What is this intuition then telling us? What do we need the information about the spread for then?
My answer is that we need to understand the resilience of the aggregated prediction to new information. This already plays a role in the aggregated prediction, since it helps us weight the relative importance we should give to our prior beliefs P(E) vs the evidence from the experts P(p1,...,pn|E) - a wider spread or a smaller number of forecaster predictions will lead to weaker evidence, and therefore a higher relative weighting of our priors.
Similarly, the spread of distributions gives us information about how much would we gain from additional predictions.
I think this neatly resolves the tension between aggregating vs not, and clarifies when it is important to retain information about the distribution of forecasts: when value of information is relevant. Which, admittedly, is quite often! But when we cannot acquire new information, or we can rule out value of information as decision-relevant, then we should aggregate first into a single number, and make decisions based on our best guess, regardless of the task.
This seems roughly right to me. And in particular, I think this highlights the issue with the example of institutional failure. The problem with aggregating predictions to a single guess p of annual failure, and then using p to forecast, is that it assumes that the probability of failure in each year is independent from our perspective. But in fact, each year of no failure provides evidence that the risk of failure is low. And if the forecasters’ estimates initially had a wide spread, then we’re very sensitive to new information, and so we should update more on each passing year. This would lead to a high probability of failure in the first few years, but still a moderately high expected lifetime.
I think this is a good account of the institutional failure example, thank you!
I don’t think I get your argument for why the approximation should not depend on the downstream task. Could you elaborate?
I am also a bit confused about the relationship between spread and resiliency: a larger spread of forecasts does not seem to necessarily imply weaker evidence: It seems like for a relatively rare event about which some forecasters could acquire insider information, a large spread might give you stronger evidence.
Imagine E is about the future enactment of a quite unusual government policy, and one of your forecasters is a high ranking government official.

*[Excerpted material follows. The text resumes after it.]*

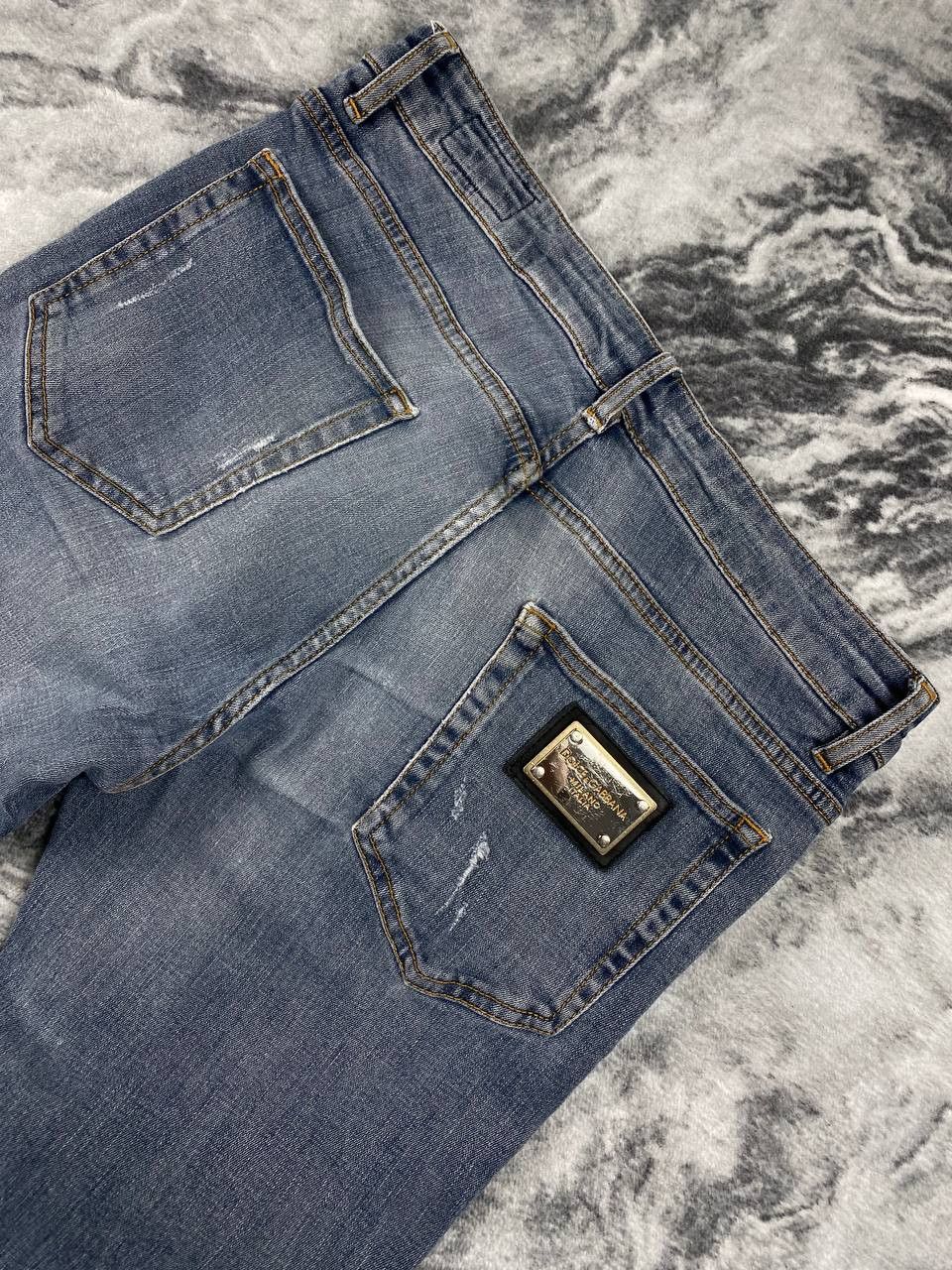 Dolce & Gabbana Vintage Dolce Gabbana Faded Denim Jeans Metal Logo Size US 34 / EU 50 - 3 Thumbnail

Then, if all of your forecasters are relatively well calibrated and have sufficient incentive to report their true beliefs, a 90% forecast for E by the government official and a 1% forecast by everyone else should likely shift your beliefs a lot more towards E than a 10% forecast by everyone.
Your best approximation of the summary distribution ^p=P(E|p1,...,pN) is already “as good as it can get”. You think we should be cautious and treat this probability as if it could be higher for precautionary reasons? Then I argue that you should treat it as higher, regardless of how you arrived at the estimate.

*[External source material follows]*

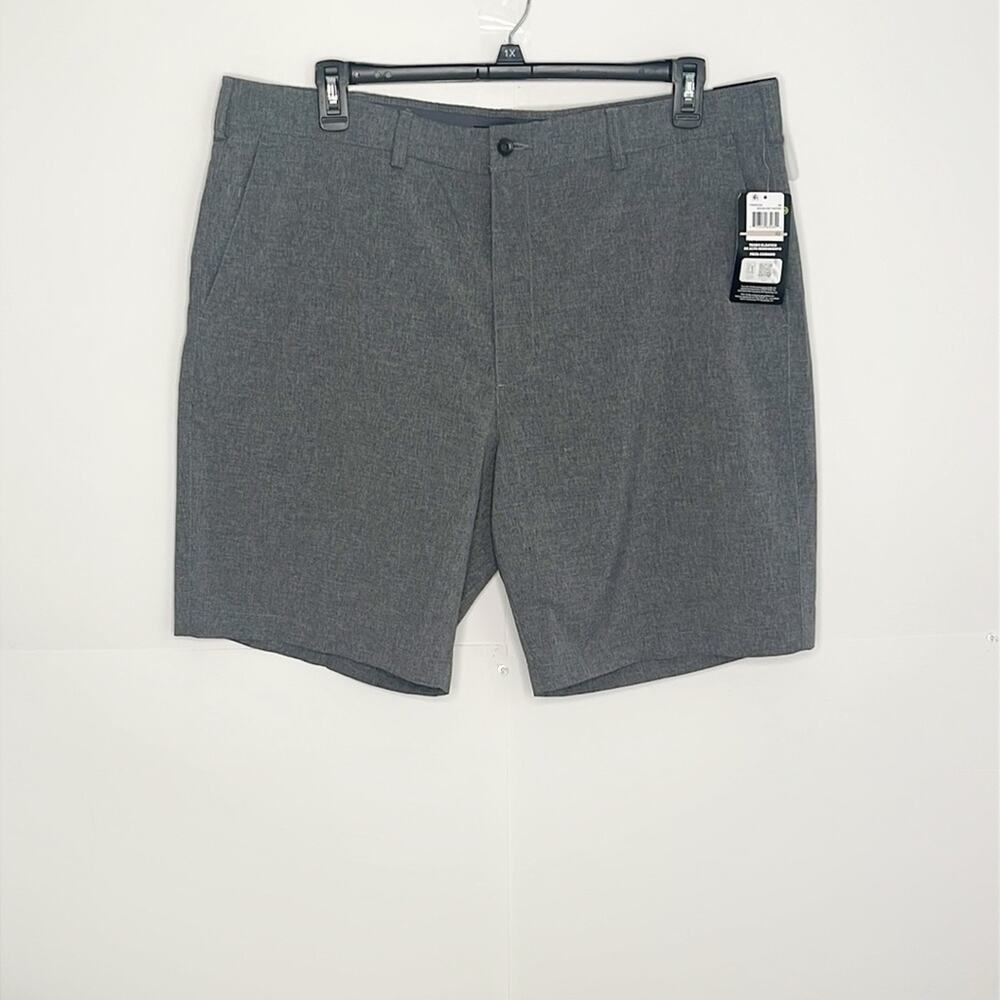 Mens PGA Tour Shorts Size 42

In the end this circles back to basic Bayesian / Utility theory—in the idealized framework your credences about an event should be represented as a single probability. Departing from this idealization requires further justification.
You are right that “weaker evidence” is not exactly correct—this is more about the expected variance introduced by hypothetical additional predictions. I’ve realized I am confused about what is the best way to think about this in formal terms, so I wonder if my intuition was right after all.